= Lock step (dance move) =

Dance steps in which the standing foot blocks the moving foot

Lock step refers to any of several dance steps that involves the "locking" of the moving foot: the moving foot approaches to the standing foot, crosses in front of or behind it in the direction of the approach, stops close to the standing foot, and the weight is fully transferred to the (previously) moving foot.

The closeness of the feet so that the lower legs of the dancer are "locked" together crossed is the main difference from other cross-steps used, e.g., in the grapevine, where the moving (crossing) foot travels away from the standing foot and the lower legs are separated. In the whisk the crossing foot travels around the standing foot, rather than "locks" from the direction of approach.
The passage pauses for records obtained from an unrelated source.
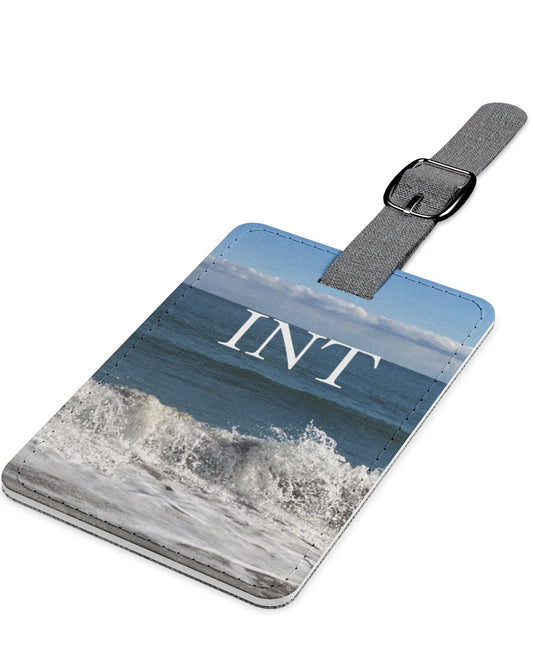 Polyester Luggage Tag Rectangle with strap Print on one side fabric on the other. (Personalized)" Big Waves Travel Tag"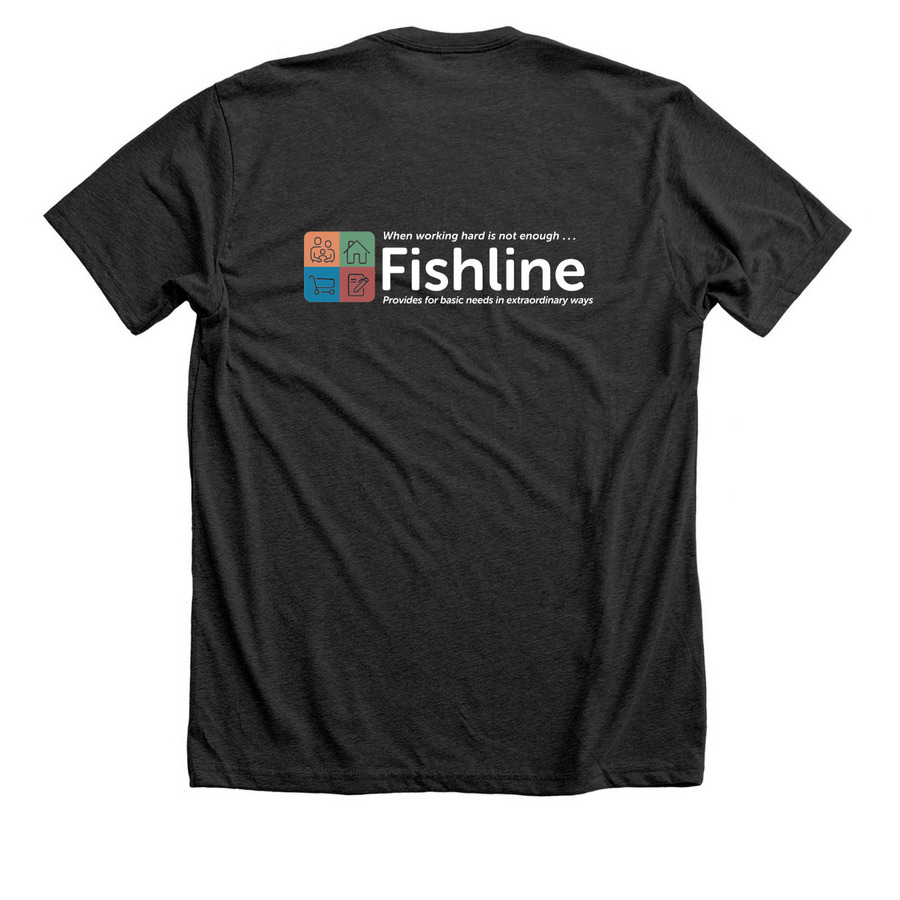 Shirts with White Logo, a Dark Grey Heather Premium Unisex Tee (back-view)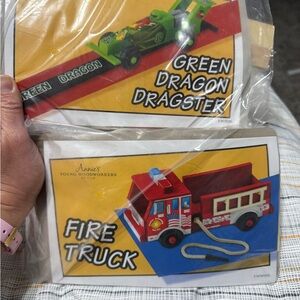 Annie’s Woodworkers Club Kits Fire Truck and Green Dragon Dragster, both new
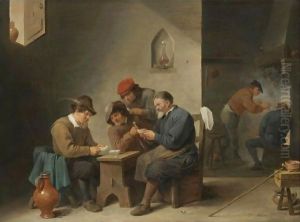 A Tavern Interior With Peasants Playing Cards by David The Younger Teniers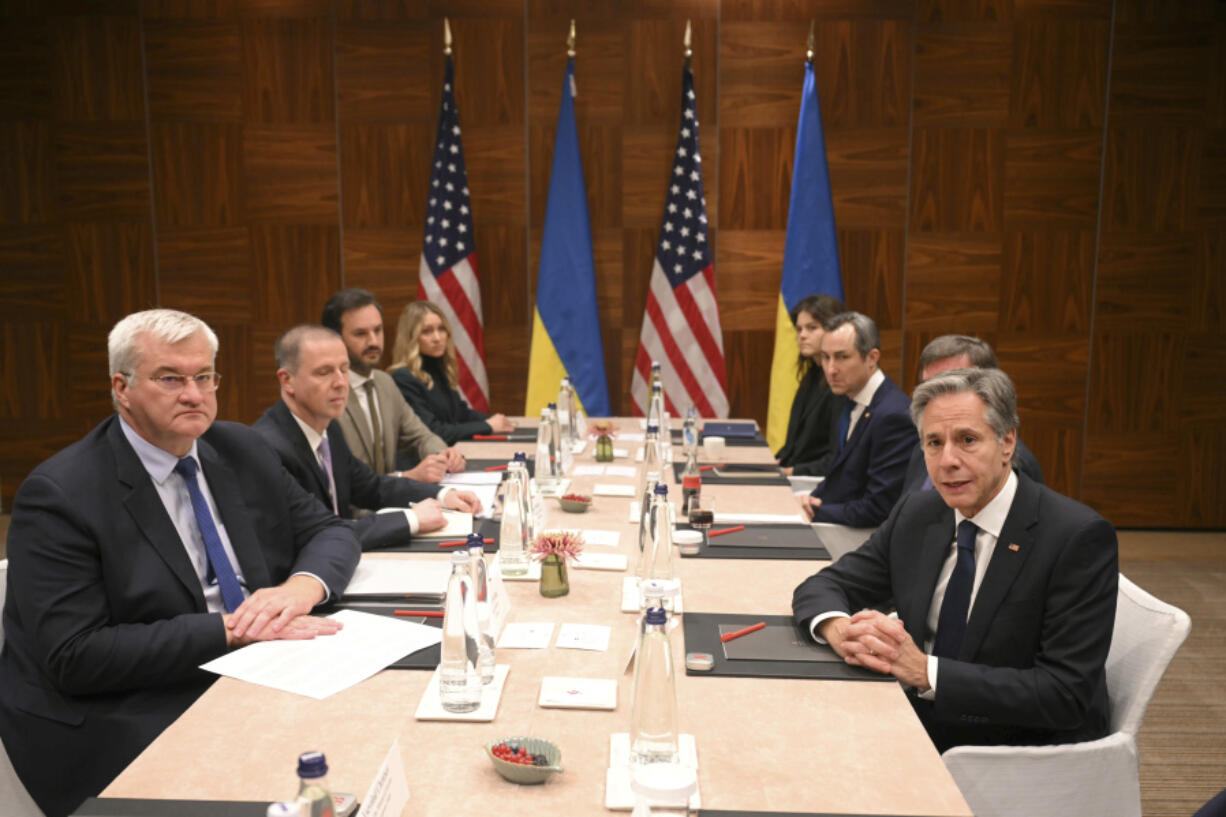 United States Secretary of State Antony Blinken, right, meets with Ukraine&rsquo;s Foreign Minister Andrii Sybiha, left, in Brussels, Wednesday, Nov. 13, 2024.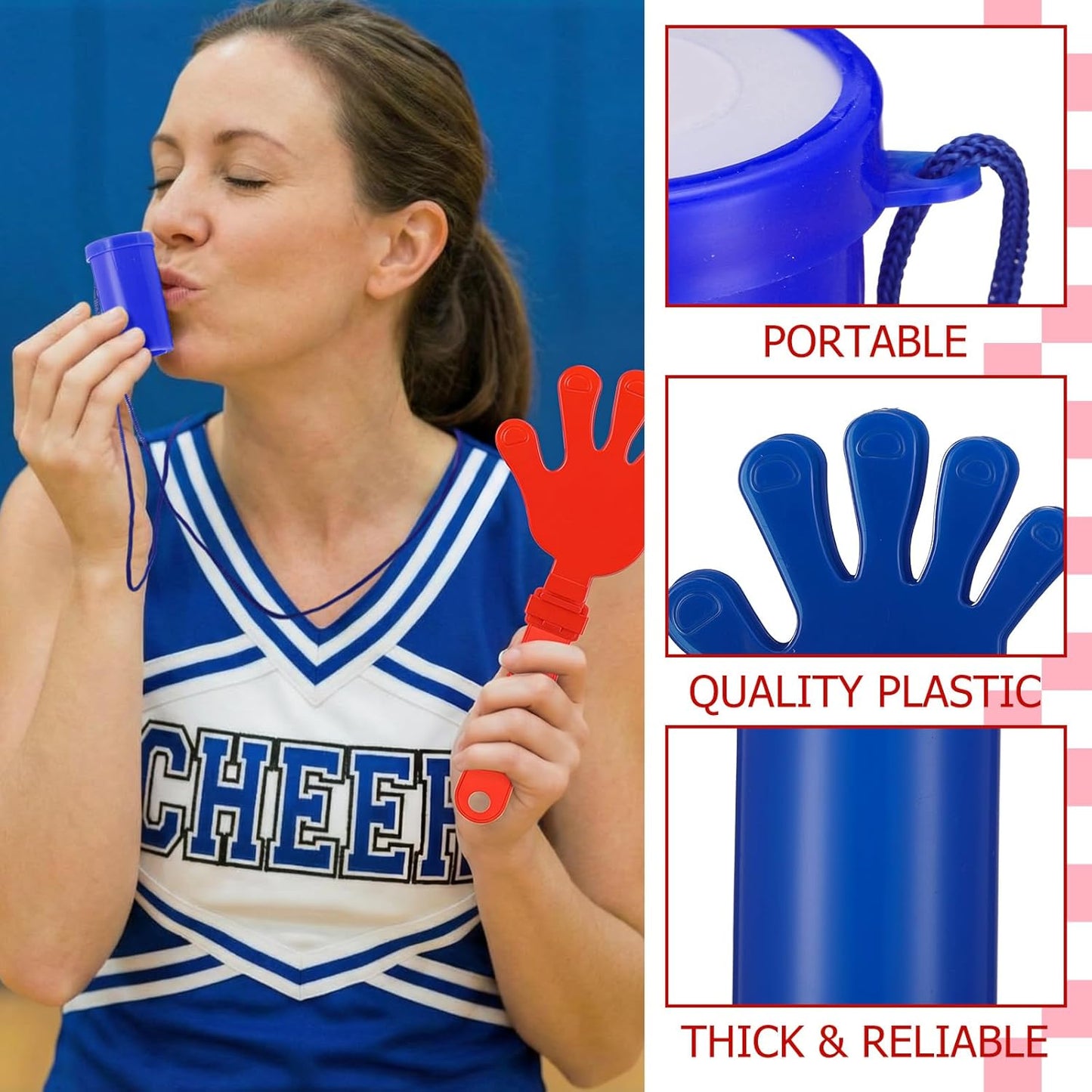 48 Pcs Cheering Noisemakers Set Included 12 Pcs Mini Air Horns Noisemakers 12 Hand Clappers 24 Thunder Sticks for Birthdays Sporting Events (Horn,Blue)
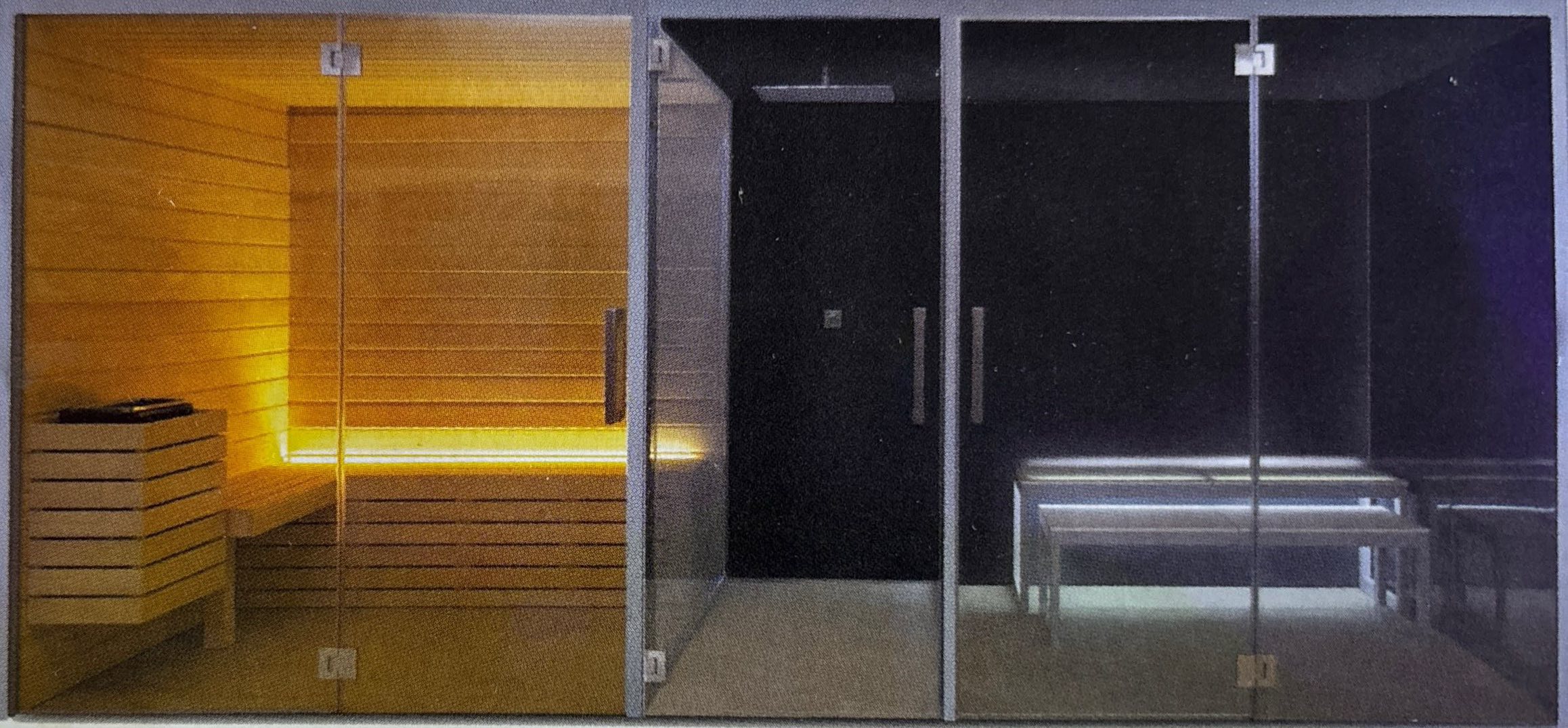 Combi sauna/hammam sur mesure avec cabine bois éclairée et cabine vapeur vitrée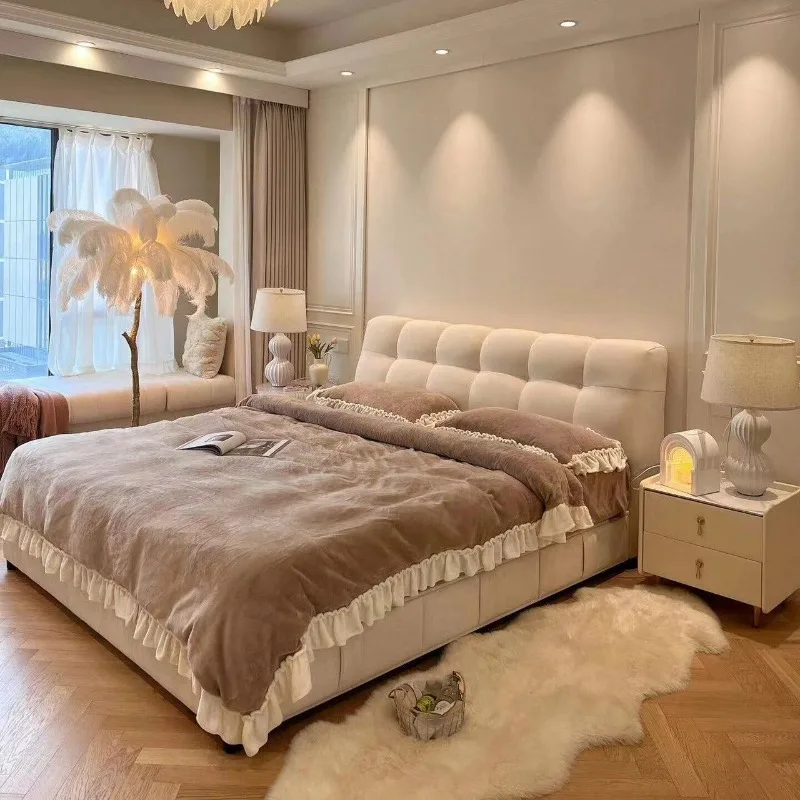 Bedroom Unique Bed Aesthetic Upholstered Frame French Lounge Bed Double Headboards Muebles Para El Hogar Home Accessories
Bedroom Unique Bed Aesthetic Upholstered Frame French Lounge Bed Double Headboards Muebles Para El Hogar Home Accessories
The term "lock step" or simply "lock" may be applied either to a single "locking" step or to a whole step pattern, e.g., of three steps, such as "step diagonally forward, lock behind, step diagonally forward". The footwork varies depending on the actual dance figure.

Lock steps are common in the quickstep.

Among the basic figures of Argentine tango there is a similar "la cruzada" ("crossing) position of the legs.

==Ballroom dance figures==
There are several dance figures with names involving the words "lock" or "lock step", as well as several figures that use the lock as part of the pattern.
- Back lock
- Forward lock
- Turning lock
- Curving lock
- Skip lock
- Syncopated lock (single or double)
- Samba locks
- Cruzados locks
- The Six Quick Lock
- Double lock
- Forward checked lock
- Reverse turns in Viennese waltz
- Fishtail
- In cha-cha-cha, advanced variations of basic figures may involve replacement of the cha-cha-cha chassés with lock steps.
- Some triple steps in West Coast Swing may be stylized into lock-steps.